Avant cela, deux mois seulement après sa prise de fonction, Youssef Chahed avait démis de ses fonctions le ministre des Affaires religieuses Abdeljalil Salem pour « non-respect des règles de l’action gouvernementale et atteinte aux principes et constantes de la diplomatie tunisienne ».
Dès le 25 février 2017, le ministre de la fonction publique Abid Briki, proche de la gauche, avait ensuite été relevé de ses fonctions, et son ministère supprimé, causant le premier grand séisme gouvernemental et une brèche dans l’union fragile qui le sous-tend.
Face à cette situation et à la conjoncture économique et sociale difficile du pays, plusieurs composantes politiques ont jugent désormais qu’un remaniement ministériel est nécessaire.
Seulement, les points de vue sur la nature et la forme que doit prendre ce remaniement divergent entre ceux qui proposent un remaniement partiel ou la désignation de ministres dans les portefeuilles vacants, ceux qui privilégient un gouvernement d’obédience partisane reflétant les résultats des élections de 2014 relativement obsolètes, ou encore ceux qui vont jusqu’à proposer des élections législatives anticipées, position radicale du Front populaire.
Cacophonie partisane
Ainsi, le controversé dirigeant de Nidaa Tounes Khaled Chaouket insiste encore sur la nécessité de former un gouvernement reflétant les résultats des élections de 2014.
Pour lui, un gouvernement ne peut pas réussir s’il n’exprime pas les résultats du scrutin. « Je demande encore une fois à restituer le pouvoir à ceux en qui le peuple tunisien a placé sa confiance.
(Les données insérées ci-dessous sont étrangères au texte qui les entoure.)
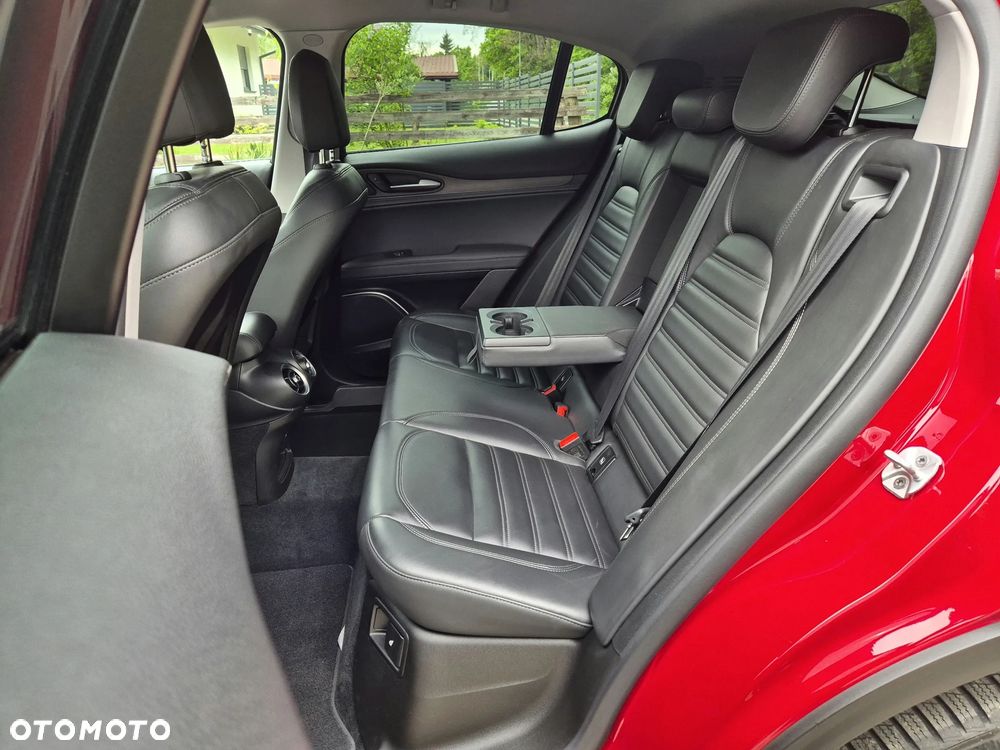 Alfa Romeo Stelvio 2.0 Turbo 16V AT8-Q4 First Edition - 18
Tout autre choix ne peut que perdurer la crise et serait une perte de temps », a-t-il jugé.
Le porte-parole d’Ennahdha Imed Khemiri considère pour sa part que le remaniement ministériel relève des seules prérogatives constitutionnelles du chef du gouvernement. Youssef Chahed doit cependant consulter les composantes de la coalition au pouvoir et se référer au document de Carthage, a insisté Khemiri, rappelant que Chahed dirige un cabinet d’union nationale.
Les ministres appartenant à des partis politiques sont à l’origine de la crise que connait le pays selon le député Hassouna Nasfi du parti Machoû Tounes, qui a déploré « des pressions » subies par le chef du gouvernement de la part de certains membres de la coalition au pouvoir pour « soumettre le remaniement ministériel attendu à la logique des quotas partisans ».
Pour le secrétaire général d’Al Joumhouri Issam Chebbi, « le chef du gouvernement doit s’imposer comme seul capitaine à bord ». « Il doit saisir l’occasion pour annoncer un deuxième gouvernement plus fort et plus solide, dans le respect et la continuité du Document de Carthage », a-t-il suggéré.
Selon le dirigeant du Front populaire Zied Lakhdhar le gouvernement Chahed est finalement le gouvernement « le plus faible » qu’a connu le pays après 2011. Un gouvernement qui, a-t-il expliqué, fait face à de nombreux défis, en l’absence d’un réel soutien politique. Pour lui, « la solution consiste à convoquer des élections législatives anticipées ».
Pour rappel, le gouvernement Chahed, issu du Document de Carthage qui a été signé par plusieurs partis et organisations nationales, est entré en fonction depuis près d’une année après le vote de confiance au parlement le 26 août 2016. En tout état de cause, le remaniement devrait intervenir début septembre 2017 au plus tard, date de la convocation devant la justice de Fadhel Abdelkafi, qui ne saurait comparaître en tant que ministre en fonction.